Lettre d'Antoine à sa mère Antoinette, 29 avril 1801

Expéditeur : Antoine Morand
Expedié depuis : Paris

Facsimilés

Si le zoom ne fonctionne pas sur votre navigateur : cliquer sur l'image
Archives municipales de Lyon, fonds Morand, FRAC069123_14II_35_2_1801_04_29_1.jpg
Archives municipales de Lyon, fonds Morand, FRAC069123_14II_35_2_1801_04_29_2.jpg
Archives municipales de Lyon, fonds Morand, FRAC069123_14II_35_2_1801_04_29_3.jpg
Archives municipales de Lyon, fonds Morand, FRAC069123_14II_35_2_1801_04_29_4.jpg

Transcription

A madame Morand rue Brocherie, à Grenoble
Paris, le 9 floréal an 9 (29 avril 1801).
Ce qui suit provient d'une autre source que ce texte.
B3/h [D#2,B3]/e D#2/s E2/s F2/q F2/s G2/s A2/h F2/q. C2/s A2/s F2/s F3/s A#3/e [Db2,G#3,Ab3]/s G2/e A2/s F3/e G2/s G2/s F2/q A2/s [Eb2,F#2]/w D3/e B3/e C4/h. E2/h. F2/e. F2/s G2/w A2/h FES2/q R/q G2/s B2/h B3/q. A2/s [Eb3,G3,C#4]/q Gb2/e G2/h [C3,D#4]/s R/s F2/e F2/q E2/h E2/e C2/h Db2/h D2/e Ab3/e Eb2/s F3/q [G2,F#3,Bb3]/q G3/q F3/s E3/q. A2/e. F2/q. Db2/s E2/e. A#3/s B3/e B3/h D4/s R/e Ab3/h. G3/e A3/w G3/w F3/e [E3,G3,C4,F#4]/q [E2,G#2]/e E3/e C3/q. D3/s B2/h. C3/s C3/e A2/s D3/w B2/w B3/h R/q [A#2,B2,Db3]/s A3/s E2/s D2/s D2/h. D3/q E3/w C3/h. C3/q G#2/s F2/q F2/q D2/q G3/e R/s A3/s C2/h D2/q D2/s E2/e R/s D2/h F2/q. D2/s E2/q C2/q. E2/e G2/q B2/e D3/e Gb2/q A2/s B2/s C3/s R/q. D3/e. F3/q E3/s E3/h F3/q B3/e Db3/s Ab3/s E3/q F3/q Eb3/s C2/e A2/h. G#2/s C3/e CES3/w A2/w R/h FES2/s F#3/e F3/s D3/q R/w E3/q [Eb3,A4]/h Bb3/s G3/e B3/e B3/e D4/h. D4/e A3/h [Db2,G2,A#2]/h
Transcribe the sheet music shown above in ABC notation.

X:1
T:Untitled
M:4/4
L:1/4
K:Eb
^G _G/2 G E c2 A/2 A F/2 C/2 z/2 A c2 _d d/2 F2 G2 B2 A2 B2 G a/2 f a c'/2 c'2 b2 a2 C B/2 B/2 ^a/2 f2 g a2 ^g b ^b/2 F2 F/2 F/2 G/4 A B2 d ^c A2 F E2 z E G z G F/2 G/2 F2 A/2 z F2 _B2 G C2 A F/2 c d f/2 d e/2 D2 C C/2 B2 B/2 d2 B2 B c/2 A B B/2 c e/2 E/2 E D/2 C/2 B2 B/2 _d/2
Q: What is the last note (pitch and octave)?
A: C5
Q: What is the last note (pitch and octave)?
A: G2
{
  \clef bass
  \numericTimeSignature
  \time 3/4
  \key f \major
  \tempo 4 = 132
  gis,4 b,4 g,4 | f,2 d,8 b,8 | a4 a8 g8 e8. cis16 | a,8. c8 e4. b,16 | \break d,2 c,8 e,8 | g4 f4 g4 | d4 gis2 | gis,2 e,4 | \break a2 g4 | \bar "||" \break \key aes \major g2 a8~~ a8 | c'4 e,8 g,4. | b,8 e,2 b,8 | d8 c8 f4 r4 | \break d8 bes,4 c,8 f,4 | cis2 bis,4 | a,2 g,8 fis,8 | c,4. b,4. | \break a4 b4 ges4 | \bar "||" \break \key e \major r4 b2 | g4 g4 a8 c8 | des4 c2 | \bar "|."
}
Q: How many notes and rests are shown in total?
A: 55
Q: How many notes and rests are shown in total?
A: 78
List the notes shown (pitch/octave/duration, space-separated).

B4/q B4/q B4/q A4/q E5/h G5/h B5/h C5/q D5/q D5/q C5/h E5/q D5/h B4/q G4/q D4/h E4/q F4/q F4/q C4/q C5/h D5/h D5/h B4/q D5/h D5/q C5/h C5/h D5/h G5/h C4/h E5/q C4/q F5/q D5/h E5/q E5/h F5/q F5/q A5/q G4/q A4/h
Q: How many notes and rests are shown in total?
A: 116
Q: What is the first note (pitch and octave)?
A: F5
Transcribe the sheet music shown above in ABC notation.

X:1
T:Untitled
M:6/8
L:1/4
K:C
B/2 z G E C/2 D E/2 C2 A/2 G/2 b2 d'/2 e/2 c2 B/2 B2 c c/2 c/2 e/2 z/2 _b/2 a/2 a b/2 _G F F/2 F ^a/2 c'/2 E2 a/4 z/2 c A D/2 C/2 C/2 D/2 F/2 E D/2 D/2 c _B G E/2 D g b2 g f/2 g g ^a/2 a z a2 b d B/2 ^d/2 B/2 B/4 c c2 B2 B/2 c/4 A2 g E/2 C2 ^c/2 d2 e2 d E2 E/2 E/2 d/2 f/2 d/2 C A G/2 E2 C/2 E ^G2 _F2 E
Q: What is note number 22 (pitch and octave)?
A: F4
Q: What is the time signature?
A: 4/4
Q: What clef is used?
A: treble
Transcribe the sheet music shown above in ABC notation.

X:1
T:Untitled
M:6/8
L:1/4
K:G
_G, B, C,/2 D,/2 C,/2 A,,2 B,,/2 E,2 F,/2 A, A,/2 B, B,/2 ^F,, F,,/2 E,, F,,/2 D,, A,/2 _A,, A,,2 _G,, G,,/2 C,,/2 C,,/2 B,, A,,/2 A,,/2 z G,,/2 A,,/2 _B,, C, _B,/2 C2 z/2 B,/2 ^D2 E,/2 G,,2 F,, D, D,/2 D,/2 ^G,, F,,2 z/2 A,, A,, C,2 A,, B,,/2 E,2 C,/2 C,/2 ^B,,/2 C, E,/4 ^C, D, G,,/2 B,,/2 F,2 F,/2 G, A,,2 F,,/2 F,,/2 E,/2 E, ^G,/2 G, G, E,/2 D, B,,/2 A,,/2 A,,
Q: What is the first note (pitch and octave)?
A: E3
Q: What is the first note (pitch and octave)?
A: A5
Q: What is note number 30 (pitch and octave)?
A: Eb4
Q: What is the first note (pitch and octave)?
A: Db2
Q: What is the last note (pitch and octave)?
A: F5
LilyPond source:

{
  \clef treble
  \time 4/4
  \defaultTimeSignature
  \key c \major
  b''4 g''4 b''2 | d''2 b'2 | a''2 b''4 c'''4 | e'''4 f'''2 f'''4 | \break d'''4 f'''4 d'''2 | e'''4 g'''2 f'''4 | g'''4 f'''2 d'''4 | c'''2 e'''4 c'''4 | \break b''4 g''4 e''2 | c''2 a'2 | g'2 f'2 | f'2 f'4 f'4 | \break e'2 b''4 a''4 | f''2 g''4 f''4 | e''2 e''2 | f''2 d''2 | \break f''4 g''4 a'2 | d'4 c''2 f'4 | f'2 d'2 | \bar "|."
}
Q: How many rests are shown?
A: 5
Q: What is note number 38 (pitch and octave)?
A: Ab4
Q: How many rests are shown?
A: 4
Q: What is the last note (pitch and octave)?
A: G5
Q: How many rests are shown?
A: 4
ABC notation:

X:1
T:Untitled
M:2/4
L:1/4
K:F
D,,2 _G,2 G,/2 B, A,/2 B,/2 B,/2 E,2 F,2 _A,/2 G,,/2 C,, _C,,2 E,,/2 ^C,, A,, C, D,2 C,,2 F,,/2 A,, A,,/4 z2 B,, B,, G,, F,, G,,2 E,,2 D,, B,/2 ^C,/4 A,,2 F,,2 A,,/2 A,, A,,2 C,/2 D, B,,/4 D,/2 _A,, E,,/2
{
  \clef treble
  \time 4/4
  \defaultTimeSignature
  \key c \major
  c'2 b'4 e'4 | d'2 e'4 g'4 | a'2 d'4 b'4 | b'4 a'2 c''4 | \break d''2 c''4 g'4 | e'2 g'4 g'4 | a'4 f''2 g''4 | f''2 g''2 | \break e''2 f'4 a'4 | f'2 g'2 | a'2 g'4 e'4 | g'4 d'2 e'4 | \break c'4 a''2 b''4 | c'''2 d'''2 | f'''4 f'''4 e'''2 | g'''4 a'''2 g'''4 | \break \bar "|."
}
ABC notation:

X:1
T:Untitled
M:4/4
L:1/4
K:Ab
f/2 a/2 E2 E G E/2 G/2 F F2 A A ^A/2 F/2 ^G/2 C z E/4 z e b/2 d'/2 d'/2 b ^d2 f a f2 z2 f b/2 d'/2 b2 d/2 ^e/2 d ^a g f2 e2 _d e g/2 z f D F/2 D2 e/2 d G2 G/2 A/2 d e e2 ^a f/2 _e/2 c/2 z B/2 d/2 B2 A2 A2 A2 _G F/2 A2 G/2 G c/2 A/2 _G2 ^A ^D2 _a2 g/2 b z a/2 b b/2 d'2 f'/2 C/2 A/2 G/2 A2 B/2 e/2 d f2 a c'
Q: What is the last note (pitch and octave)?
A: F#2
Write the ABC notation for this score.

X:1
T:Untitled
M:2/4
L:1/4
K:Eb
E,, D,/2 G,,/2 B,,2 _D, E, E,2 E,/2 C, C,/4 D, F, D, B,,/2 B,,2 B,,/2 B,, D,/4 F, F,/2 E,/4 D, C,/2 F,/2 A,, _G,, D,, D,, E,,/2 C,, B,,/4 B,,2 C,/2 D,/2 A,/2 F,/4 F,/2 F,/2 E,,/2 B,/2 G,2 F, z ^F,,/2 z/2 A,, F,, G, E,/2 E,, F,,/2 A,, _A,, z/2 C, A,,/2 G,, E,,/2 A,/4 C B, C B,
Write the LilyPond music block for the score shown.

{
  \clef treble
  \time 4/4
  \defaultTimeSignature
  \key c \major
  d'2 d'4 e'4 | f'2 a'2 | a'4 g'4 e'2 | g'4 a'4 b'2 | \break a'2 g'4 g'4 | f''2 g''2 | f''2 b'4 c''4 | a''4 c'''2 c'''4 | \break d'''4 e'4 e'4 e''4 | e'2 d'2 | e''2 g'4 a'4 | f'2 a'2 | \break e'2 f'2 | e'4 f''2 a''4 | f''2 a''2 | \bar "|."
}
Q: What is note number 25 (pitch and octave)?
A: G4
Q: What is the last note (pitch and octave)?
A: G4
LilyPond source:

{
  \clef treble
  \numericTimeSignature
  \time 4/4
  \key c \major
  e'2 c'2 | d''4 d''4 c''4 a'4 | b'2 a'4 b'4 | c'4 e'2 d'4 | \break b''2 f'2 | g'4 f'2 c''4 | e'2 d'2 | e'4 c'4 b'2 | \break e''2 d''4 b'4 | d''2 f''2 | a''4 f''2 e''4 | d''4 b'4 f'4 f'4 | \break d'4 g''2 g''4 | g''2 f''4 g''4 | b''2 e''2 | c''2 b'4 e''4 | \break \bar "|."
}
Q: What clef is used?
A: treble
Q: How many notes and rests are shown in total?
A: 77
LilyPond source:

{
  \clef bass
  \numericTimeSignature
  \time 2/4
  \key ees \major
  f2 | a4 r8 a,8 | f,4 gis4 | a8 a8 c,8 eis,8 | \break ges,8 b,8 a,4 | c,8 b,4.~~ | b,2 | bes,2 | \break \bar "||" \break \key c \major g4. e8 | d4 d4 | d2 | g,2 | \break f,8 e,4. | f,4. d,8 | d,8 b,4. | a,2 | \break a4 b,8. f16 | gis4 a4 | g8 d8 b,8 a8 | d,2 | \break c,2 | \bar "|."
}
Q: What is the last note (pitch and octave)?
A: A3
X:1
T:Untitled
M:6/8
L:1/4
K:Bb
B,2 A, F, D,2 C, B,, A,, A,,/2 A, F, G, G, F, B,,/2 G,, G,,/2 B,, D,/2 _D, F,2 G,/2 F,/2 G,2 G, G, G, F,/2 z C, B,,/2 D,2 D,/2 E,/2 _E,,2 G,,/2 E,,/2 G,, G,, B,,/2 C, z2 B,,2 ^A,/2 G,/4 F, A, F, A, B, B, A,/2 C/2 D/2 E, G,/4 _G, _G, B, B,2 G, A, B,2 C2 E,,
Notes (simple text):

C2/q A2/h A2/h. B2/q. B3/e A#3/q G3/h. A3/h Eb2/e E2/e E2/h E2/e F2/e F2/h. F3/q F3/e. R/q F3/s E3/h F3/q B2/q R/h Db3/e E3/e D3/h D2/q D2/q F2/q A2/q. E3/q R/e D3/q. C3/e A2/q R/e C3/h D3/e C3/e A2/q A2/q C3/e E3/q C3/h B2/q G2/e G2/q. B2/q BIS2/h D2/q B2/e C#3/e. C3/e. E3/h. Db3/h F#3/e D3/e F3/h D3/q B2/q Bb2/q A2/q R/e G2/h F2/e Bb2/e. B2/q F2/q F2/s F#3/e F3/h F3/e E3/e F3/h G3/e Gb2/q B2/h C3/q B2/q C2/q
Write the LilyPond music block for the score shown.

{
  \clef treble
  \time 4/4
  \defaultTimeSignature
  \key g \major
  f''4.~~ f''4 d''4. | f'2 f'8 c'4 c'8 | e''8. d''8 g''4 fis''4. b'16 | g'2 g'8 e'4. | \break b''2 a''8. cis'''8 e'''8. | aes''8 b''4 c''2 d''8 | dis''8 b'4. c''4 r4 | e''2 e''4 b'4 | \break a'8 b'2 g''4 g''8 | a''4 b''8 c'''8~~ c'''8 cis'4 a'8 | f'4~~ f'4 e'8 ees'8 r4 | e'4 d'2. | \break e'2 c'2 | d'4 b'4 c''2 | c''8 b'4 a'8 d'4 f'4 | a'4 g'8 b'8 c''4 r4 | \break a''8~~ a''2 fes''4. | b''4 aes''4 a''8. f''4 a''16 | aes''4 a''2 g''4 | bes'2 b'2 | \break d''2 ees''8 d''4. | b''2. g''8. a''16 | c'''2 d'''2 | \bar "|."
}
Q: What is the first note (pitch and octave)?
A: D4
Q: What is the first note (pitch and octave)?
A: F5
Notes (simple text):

... au reste, ma chère maman , je ne veux pas recommencer des plaintes qui vous fatiguent, laissez-moi espérer que vous aurez à votre tour quelques égards à ma position, quelques phrases de votre lettre me rappellent le temps où j'obtenais quelque chose de la tendresse de ma mère, celles-là m'ont fait verser des larmes de joie ; celles qui suivent m'ont malheureusement fait craindre que le temps ait bien diminué l'espèce de pouvoir que son attachement pour moi me donnait sur son cœur ; ma chère maman , ma position devient chaque jour plus embarrassante, la demande que je me borne à vous faire est très modérée ; je ne vous l'aurais pas faite si j'avais conservé une place rendante, mais je suis forcé par les circonstances à vous supplier d'apporter cet allègement à ma position, il est nul à peu près pour le présent mais peut me faire trouver quelque adoucissement pour l'avenir et vous jouiriez au moins de l'idée de m'avoir encore une fois prouvé de l'attachement et d'avoir fait quelque chose de juste pour vos enfants, d'agréable pour ma femme. Ce n'est point toucher au traité que d'y apporter un adoucissement qui ne fait que le consolider davantage et vous donner de nouveaux droits à notre reconnaissance ; rien de ce que vous avez fait pour moi ne me serait aussi agréable que cette preuve de tendresse de votre part et vous ne savez pas, vous ne pourriez calculer combien elle importe à mon bonheur ; je peux dire au vôtre parce que j'aime à le croire un peu dépendant de celui de vos enfants ; cela fait, je vous donne ma parole que vous n'entendrez jamais plus de plaintes quoi qu'il arrive, que je mettrai toute mon attention à apporter dans les paiements la plus grande exactitude, et que surtout j'apporterai tous mes soins à me rapprocher le plus souvent possible d'une bonne mère. Surtout ma chère maman , ne dites pas non, laissez-moi l'espérance de vos attentions, j'ai besoin de courage, il est souvent prêt à m'abandonner et rien ne contribuerait plus à m'en donner que la preuve que vous avez encore pour votre fils l'ancienne tendresse, qui lui promettait en ce monde le plaisir que rien ne peut remplacer, de pouvoir compter sur le cœur de sa mère ; mon intention en prenant la plume n'était pas de vous parler de cet objet, mais avec qui puis-je en parler, ne vaut-il pas bien mieux solliciter votre tendresse que d'employer des tiers pour réclamer votre justice.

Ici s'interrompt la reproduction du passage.